Le surendettement, conséquence du mépris de la démocratie

Les débats actuels montrent combien difficile est la prise de conscience de la fragilité des pouvoirs publics. Notre imaginaire nous fait croire que la seule limite au pouvoir des élus doit être le suffrage universel. Quelle naïveté ! Il existe une autre limite, à savoir ne pas dépenser durablement plus que le montant des recettes, c’est-à-dire des impôts, sauf pour des investissements valables[1]. Comme tous les organismes, l’État, les collectivités territoriales et la sécurité sociale sont assujettis à la contrainte budgétaire : ils ne doivent pas produire des services coûtant nettement plus cher que ce que le bon peuple est disposé à payer. Le consentement à l’impôt – question classique lors des oraux de finances publiques – est à l’origine même de la démocratie, et il a autant d’importance que le suffrage universel. En un mot, il ne faut pas que le Prince ait la possibilité de faire financer ses dépenses autrement que par l’impôt démocratiquement consenti.

On comprend la colère contre « les marchés » de ceux qui n’ont jamais eu la fibre démocratique : leur poil se hérisse contre la souveraineté du consommateur de services publics, contre le contrôle de la dépense publique par le contribuable. Ils voudraient tellement qu’une sorte de despotisme – évidemment éclairé – soit à l’abri de ce contrôle vulgaire exercé en première instance par les « cochons de payants », et en seconde instance par les prêteurs. La plus grande partie des nombreux articles qui paraissent pour réclamer une mise au pas des marchés, réalisée par exemple par une mainmise du pouvoir politique sur la Banque Centrale, correspond à ce rêve d’un pouvoir tutélaire qui ne doit pas avoir de limites, sa sagesse étant infiniment supérieure à celle des citoyens.
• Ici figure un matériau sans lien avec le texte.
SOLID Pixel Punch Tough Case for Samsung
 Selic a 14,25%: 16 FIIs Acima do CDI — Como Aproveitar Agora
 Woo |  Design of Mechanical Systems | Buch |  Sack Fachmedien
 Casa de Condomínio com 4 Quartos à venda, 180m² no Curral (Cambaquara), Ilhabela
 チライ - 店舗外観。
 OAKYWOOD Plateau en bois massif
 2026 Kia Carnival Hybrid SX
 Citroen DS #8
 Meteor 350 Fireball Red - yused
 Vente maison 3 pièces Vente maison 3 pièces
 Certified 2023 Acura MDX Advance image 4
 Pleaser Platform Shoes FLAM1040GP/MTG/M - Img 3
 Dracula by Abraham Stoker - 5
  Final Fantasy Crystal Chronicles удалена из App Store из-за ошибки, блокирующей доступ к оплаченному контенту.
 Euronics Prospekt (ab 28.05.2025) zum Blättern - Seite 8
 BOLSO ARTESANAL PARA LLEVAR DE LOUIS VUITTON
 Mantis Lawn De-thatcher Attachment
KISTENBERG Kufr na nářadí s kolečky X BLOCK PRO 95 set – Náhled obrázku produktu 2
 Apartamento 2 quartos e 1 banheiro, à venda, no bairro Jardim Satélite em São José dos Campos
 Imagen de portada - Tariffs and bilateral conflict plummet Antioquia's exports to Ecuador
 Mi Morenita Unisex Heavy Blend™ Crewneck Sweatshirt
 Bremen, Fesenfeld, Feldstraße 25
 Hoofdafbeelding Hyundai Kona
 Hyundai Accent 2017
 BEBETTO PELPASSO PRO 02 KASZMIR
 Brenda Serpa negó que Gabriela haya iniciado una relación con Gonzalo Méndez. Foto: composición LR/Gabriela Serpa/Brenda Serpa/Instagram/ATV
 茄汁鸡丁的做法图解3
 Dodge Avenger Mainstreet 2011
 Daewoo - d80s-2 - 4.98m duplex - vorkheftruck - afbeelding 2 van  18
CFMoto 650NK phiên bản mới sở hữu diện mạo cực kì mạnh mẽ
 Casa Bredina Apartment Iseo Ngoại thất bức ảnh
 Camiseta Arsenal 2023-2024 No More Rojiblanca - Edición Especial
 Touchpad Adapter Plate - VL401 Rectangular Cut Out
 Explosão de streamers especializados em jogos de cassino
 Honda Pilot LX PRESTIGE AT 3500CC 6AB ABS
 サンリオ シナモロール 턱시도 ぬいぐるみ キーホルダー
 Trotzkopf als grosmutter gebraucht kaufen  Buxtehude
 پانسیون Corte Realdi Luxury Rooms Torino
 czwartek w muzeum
En réalité, le pouvoir des prêteurs est le rempart de la démocratie ; il s’oppose à ce diktat permanent qui, au nom de l’intérêt général (assimilé à ce que quelques dirigeants doctrinaires ont comme projets pour leurs semblables, qu’ils considèrent en leur for intérieur comme leurs sujets), organise la vie des gens comme bon leur semble à eux les chefs.

Les sujets faisant de la résistance, c’est-à-dire rechignant à payer des impôts égaux au coût excessif des services publics dont les pouvoirs publics leur imposent la consommation, l’endettement est le moyen de continuer à commander et agir comme bon leur semble en dépit de cet obstacle. Et c’est là que le laxisme financier devient l’allié de nos tyranneaux : les prêteurs complaisants, qui ne font pas respecter les règles de la solvabilité, annihilent le contrôle démocratique (la nécessité du consentement à l’impôt). Le surendettement de beaucoup de nos États est ainsi le résultat d’un régime de faveur accordé aux pouvoirs publics, en contradiction avec les principes de base de la démocratie, par les organismes dont le devoir aurait été de surveiller les élus et les hauts fonctionnaires tout autant que les chefs d’entreprise et les ménages.

La faillite des surendettés est la juste punition des prêteurs laxistes

Les prêteurs sont les surveillants des agents qui dépensent plus qu’ils ne gagnent, y compris lorsque ces agents sont des États. Et comme souvent, le problème est de savoir qui va surveiller les surveillants. La réponse est simple : les créanciers se surveillent les uns les autres. Certes, une Banque centrale ou une autre autorité monétaire et financière peut contribuer utilement à cette surveillance ; certes, les agences de notation et les analystes financiers apportent leur contribution ; mais in fine les créanciers qui n’ont pas voulu sanctionner le manque de solvabilité de leurs emprunteurs sont sanctionnés par le refus que finissent par essuyer les dits emprunteurs quand il leur faut trouver de nouveaux crédits pour s’acquitter du service de leur dette (remboursements et paiements d’intérêt). Car à cet instant – l’heure de vérité – la valeur de leur créance s’évanouit, ou du moins baisse fortement.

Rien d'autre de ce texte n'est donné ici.